Once, during that trail run, my dog did something that put me in an ethical bind. I asked Sam about it. He told me what he would’ve done. The way he put it, he would be compelled to take a certain action. Like he’d have no choice but to take the highest road. You don’t meet many people with that kind of integrity. What did my dog do? I will only tell if you write the question to me on a shiny new bottle of Vikre gin.

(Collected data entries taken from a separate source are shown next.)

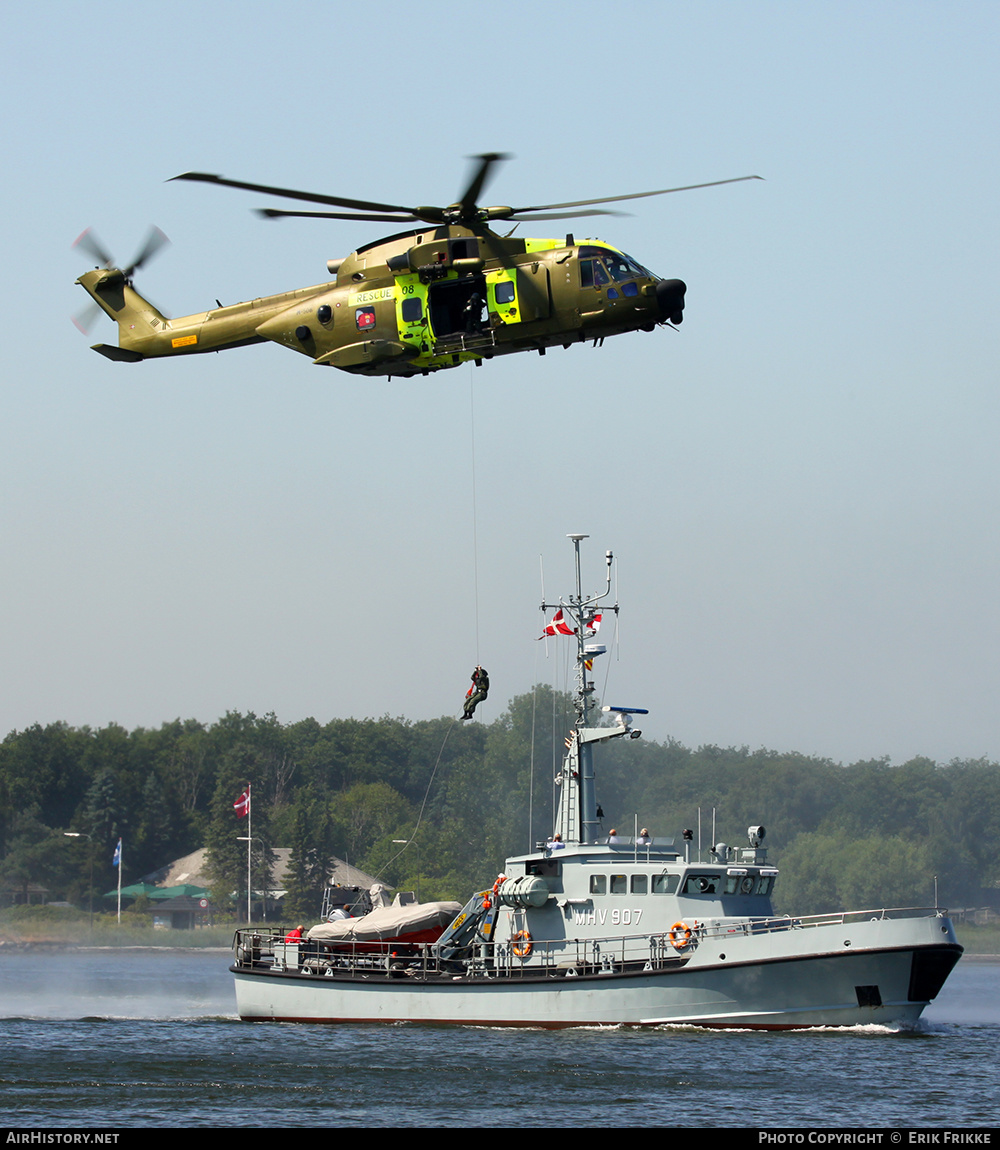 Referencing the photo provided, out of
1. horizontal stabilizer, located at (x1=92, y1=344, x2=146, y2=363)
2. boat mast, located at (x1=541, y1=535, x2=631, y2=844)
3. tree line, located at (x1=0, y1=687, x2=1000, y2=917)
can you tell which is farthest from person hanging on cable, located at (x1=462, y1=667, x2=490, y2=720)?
tree line, located at (x1=0, y1=687, x2=1000, y2=917)

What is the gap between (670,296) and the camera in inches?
1027

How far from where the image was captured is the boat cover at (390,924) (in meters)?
33.4

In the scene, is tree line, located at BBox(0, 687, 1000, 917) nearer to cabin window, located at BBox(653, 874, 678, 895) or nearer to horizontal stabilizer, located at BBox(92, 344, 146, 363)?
cabin window, located at BBox(653, 874, 678, 895)

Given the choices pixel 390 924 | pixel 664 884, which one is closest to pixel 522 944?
pixel 390 924

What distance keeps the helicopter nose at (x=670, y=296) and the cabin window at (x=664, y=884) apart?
11.8 meters

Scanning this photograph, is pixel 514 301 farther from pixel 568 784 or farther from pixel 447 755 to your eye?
pixel 447 755

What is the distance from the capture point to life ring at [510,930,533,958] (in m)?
31.8

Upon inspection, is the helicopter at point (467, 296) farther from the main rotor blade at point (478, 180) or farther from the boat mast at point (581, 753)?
the boat mast at point (581, 753)

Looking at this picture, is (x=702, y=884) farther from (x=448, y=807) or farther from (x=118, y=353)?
(x=448, y=807)

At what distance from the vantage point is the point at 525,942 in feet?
105

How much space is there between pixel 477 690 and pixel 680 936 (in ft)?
21.5

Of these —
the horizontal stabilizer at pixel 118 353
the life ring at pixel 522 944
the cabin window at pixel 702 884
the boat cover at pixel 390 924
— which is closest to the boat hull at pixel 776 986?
the life ring at pixel 522 944

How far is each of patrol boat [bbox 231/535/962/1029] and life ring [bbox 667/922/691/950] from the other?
0.11ft
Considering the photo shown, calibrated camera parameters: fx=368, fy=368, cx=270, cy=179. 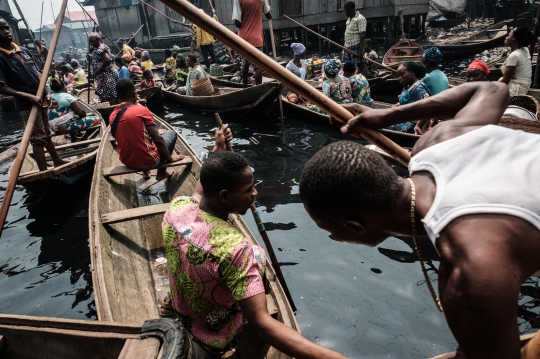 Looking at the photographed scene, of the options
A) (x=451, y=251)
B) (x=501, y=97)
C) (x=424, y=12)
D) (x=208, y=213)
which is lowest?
(x=208, y=213)

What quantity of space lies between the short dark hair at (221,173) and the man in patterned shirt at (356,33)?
8.52 meters

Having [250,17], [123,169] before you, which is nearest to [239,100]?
[250,17]

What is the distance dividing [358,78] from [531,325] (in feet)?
15.3

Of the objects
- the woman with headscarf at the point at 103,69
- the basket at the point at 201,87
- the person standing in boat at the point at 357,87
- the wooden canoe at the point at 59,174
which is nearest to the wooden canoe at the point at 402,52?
the person standing in boat at the point at 357,87

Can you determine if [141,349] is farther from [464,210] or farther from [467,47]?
[467,47]

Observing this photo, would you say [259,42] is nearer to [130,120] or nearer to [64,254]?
[130,120]

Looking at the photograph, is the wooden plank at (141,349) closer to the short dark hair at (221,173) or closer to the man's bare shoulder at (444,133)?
the short dark hair at (221,173)

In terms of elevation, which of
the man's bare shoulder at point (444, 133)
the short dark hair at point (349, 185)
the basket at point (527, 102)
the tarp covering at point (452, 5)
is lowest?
the basket at point (527, 102)

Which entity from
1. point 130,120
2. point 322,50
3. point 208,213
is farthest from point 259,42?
point 322,50

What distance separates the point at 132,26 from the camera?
2930cm

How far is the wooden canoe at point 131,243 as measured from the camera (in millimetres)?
2473

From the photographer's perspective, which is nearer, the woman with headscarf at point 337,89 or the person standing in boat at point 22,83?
the person standing in boat at point 22,83

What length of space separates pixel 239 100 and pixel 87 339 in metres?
7.13

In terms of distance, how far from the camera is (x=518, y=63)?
226 inches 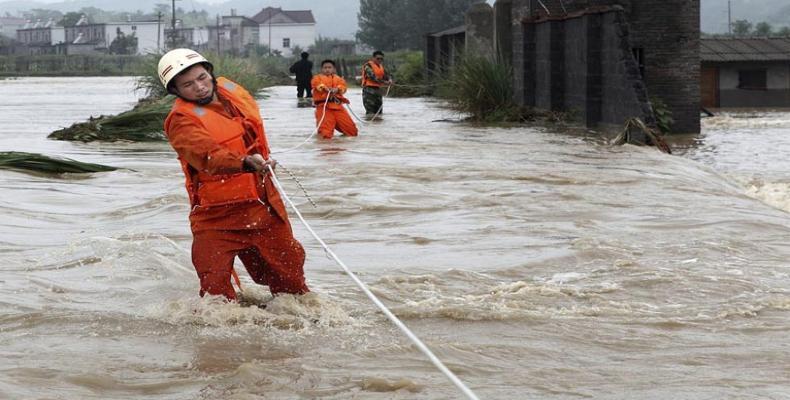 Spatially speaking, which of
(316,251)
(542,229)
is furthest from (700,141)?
(316,251)

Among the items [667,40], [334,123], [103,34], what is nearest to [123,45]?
[103,34]

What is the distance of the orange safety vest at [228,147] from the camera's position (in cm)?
715

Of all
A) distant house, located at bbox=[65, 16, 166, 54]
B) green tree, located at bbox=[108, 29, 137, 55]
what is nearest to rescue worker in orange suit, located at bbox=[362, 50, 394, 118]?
green tree, located at bbox=[108, 29, 137, 55]

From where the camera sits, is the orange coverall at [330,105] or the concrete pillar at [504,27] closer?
the orange coverall at [330,105]

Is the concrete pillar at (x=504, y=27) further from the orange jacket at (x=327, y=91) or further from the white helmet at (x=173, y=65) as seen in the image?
the white helmet at (x=173, y=65)

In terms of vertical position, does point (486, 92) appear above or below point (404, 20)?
below

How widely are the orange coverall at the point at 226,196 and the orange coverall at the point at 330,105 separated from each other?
1432cm

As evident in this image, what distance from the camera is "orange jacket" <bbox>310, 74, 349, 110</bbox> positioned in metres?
21.8

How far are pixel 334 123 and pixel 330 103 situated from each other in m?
0.42

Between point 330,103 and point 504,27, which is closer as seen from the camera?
point 330,103

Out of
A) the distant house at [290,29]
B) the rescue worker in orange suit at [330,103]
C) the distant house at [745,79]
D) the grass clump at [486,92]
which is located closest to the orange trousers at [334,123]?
the rescue worker in orange suit at [330,103]

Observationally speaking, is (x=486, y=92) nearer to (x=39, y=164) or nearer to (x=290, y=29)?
(x=39, y=164)

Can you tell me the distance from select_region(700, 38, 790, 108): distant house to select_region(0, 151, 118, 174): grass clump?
28.7 meters

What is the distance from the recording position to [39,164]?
15195mm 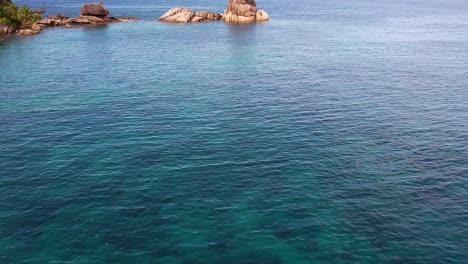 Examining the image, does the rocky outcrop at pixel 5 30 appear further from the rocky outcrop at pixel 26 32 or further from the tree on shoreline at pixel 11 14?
the rocky outcrop at pixel 26 32

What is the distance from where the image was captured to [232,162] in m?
72.8

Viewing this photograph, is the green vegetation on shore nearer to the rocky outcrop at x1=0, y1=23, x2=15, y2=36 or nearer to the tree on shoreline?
the tree on shoreline

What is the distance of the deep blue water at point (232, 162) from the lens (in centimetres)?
5194

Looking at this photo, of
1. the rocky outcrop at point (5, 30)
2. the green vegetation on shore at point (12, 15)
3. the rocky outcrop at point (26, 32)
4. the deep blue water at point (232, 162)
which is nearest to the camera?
the deep blue water at point (232, 162)

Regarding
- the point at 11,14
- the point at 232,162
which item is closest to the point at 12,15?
the point at 11,14

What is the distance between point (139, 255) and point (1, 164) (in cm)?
3623

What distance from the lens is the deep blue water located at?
51.9 m

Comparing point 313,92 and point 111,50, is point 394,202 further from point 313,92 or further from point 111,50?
point 111,50

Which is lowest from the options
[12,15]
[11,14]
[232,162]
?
[232,162]

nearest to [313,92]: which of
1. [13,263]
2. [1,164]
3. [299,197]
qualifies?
[299,197]

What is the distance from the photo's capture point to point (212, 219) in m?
56.6

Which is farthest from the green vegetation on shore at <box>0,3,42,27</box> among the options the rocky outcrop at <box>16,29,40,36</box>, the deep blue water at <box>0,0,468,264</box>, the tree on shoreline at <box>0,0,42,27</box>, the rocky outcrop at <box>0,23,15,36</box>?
the deep blue water at <box>0,0,468,264</box>

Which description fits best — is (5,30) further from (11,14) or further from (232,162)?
(232,162)

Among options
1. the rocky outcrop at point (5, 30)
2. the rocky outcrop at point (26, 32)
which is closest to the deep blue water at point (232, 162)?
the rocky outcrop at point (26, 32) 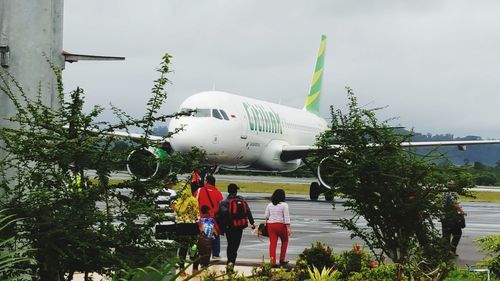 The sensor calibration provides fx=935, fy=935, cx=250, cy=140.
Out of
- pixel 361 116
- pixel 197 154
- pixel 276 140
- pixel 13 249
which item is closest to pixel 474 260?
pixel 361 116

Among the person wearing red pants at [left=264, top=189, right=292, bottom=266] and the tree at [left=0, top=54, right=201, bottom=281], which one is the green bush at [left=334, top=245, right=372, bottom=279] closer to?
the person wearing red pants at [left=264, top=189, right=292, bottom=266]

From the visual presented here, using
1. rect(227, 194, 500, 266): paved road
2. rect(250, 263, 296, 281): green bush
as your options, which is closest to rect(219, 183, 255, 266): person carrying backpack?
rect(227, 194, 500, 266): paved road

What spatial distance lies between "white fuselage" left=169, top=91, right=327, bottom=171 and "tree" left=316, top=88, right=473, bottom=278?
1761 cm

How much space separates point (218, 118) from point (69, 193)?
2625cm

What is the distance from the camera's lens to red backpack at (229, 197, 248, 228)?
14.6 m

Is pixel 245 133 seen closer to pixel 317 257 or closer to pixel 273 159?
pixel 273 159

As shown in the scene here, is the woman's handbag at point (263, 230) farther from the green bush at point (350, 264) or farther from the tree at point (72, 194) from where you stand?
the tree at point (72, 194)

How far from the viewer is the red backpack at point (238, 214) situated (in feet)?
47.8

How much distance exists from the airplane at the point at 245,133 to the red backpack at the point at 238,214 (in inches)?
479

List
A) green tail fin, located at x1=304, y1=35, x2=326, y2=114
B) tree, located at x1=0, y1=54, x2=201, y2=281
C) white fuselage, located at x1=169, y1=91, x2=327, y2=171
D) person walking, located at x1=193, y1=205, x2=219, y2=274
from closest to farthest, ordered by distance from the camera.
Result: tree, located at x1=0, y1=54, x2=201, y2=281 < person walking, located at x1=193, y1=205, x2=219, y2=274 < white fuselage, located at x1=169, y1=91, x2=327, y2=171 < green tail fin, located at x1=304, y1=35, x2=326, y2=114

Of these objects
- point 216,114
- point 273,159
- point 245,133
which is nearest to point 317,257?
point 216,114

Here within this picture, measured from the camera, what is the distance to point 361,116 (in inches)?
412

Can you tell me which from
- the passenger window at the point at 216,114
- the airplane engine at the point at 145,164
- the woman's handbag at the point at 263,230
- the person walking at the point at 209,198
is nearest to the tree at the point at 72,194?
the airplane engine at the point at 145,164

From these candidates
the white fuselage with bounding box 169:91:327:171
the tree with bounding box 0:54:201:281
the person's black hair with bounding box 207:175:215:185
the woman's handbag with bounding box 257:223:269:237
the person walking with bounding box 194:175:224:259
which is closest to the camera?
the tree with bounding box 0:54:201:281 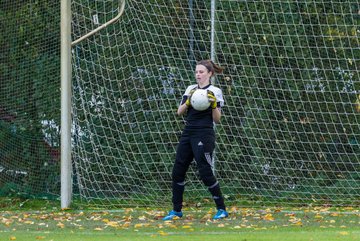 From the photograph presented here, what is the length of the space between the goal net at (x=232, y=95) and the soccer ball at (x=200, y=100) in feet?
6.44

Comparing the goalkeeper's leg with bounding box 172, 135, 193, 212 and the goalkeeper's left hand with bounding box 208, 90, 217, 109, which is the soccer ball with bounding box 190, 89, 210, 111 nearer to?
the goalkeeper's left hand with bounding box 208, 90, 217, 109

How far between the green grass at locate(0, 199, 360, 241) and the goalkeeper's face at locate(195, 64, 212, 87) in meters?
1.27

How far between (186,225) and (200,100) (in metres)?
1.12

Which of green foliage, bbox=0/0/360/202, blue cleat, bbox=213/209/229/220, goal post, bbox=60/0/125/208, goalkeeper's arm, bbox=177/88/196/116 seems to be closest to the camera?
goalkeeper's arm, bbox=177/88/196/116

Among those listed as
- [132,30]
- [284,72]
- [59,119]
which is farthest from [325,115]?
[59,119]

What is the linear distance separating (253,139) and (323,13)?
61.8 inches

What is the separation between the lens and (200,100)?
27.9 ft

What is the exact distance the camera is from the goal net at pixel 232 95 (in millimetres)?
10328

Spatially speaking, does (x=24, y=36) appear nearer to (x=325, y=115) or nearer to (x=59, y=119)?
(x=59, y=119)

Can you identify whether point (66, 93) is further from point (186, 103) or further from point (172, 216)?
point (172, 216)

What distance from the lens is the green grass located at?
7539 mm

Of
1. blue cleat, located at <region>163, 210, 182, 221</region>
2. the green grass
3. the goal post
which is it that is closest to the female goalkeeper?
blue cleat, located at <region>163, 210, 182, 221</region>

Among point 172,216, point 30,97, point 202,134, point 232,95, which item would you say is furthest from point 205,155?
point 30,97

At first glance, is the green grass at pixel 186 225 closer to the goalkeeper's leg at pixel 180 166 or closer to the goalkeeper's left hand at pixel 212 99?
the goalkeeper's leg at pixel 180 166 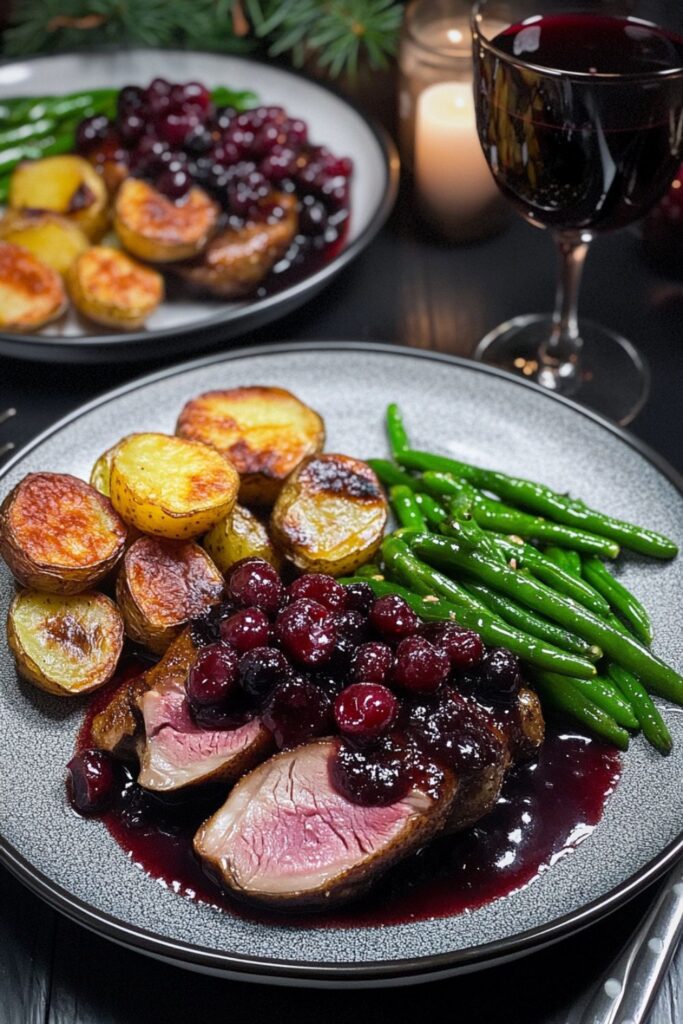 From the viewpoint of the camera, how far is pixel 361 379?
95.8 inches

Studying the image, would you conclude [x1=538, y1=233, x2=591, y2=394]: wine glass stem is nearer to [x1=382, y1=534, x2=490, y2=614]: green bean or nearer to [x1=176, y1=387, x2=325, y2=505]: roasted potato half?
[x1=176, y1=387, x2=325, y2=505]: roasted potato half

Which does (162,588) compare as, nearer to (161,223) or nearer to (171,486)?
(171,486)

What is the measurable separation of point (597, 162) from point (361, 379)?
65 centimetres

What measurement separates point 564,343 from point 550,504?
77 cm

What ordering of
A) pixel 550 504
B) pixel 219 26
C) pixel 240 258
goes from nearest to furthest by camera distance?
1. pixel 550 504
2. pixel 240 258
3. pixel 219 26

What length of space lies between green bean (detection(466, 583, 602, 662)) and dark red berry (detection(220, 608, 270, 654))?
42 cm

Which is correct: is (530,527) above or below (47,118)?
below

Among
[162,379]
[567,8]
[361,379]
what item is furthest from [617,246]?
[162,379]

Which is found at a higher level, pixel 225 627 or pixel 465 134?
pixel 465 134

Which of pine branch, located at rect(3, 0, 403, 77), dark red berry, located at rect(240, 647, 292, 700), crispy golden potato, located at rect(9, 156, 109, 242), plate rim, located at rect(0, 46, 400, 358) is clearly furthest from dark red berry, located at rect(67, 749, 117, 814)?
pine branch, located at rect(3, 0, 403, 77)

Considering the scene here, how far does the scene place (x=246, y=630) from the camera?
172cm

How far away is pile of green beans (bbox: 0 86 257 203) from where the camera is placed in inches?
126

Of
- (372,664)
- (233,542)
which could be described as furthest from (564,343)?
(372,664)

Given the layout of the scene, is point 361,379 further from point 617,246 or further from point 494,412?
point 617,246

In June of 2017, the Outdoor Writers Association of America had their annual conference in Duluth. It was great to be surrounded by people who write about the outdoors. I went to a seminar called “Lessons from the Masters” where Chris Madson, Keith Crowley, and Mark Neuzil were talking about a writer named Gordon MacQuarrie. They were lamenting the fact that writing like his doesn’t have many markets anymore. Maybe Gray’s Sporting Journal. Then Neuzil said that Sam Cook was a writer on par with MacQuarrie and was somehow making a go of it in today’s market. Neuzil said Sam was a “generalist” and succeeding as a newspaperman in a tough world for MacQuarrie like writing.

Now, I should know more outdoor writing, but I have work to do. I’ve never read anything by MacQuarrie. A quick Google search tells me he was the first full-time, professional outdoor writer in America when he became the outdoor editor of the Milwaukee Journal in 1936. I should read his work. I come at the comparison a little differently. I’ve been reading Sam Cook’s work for 17 years now. I read the time he described skiing through the “barcode shadows” thrown by the setting sun. I read about the time his dog quietly nuzzled his hand while silently sitting at heel, waiting to be noticed. He wrote about a grown man he just met telling him about taking his dog out on his last hunt. (It’s getting dusty right here in this room when I think about it.)

So, I don’t know who Gordon MacQuarrie is, but I know who wrote the Friday column and the Sunday outdoors section for the Duluth News Tribune. If this Gordon dude is half the writer that Sam Cook is, he’s probably okay. I think we all read Sam’s work and feel better. I think we can see the common decency and small things that he sees. The human potential. I feel like I could be a better writer afterwards. I read his columns and feel like I might even have the potential to be a better person. Maybe.

Thank you, Sam Cook. I’m glad you’re still writing the Friday thing, because I couldn’t go cold turkey.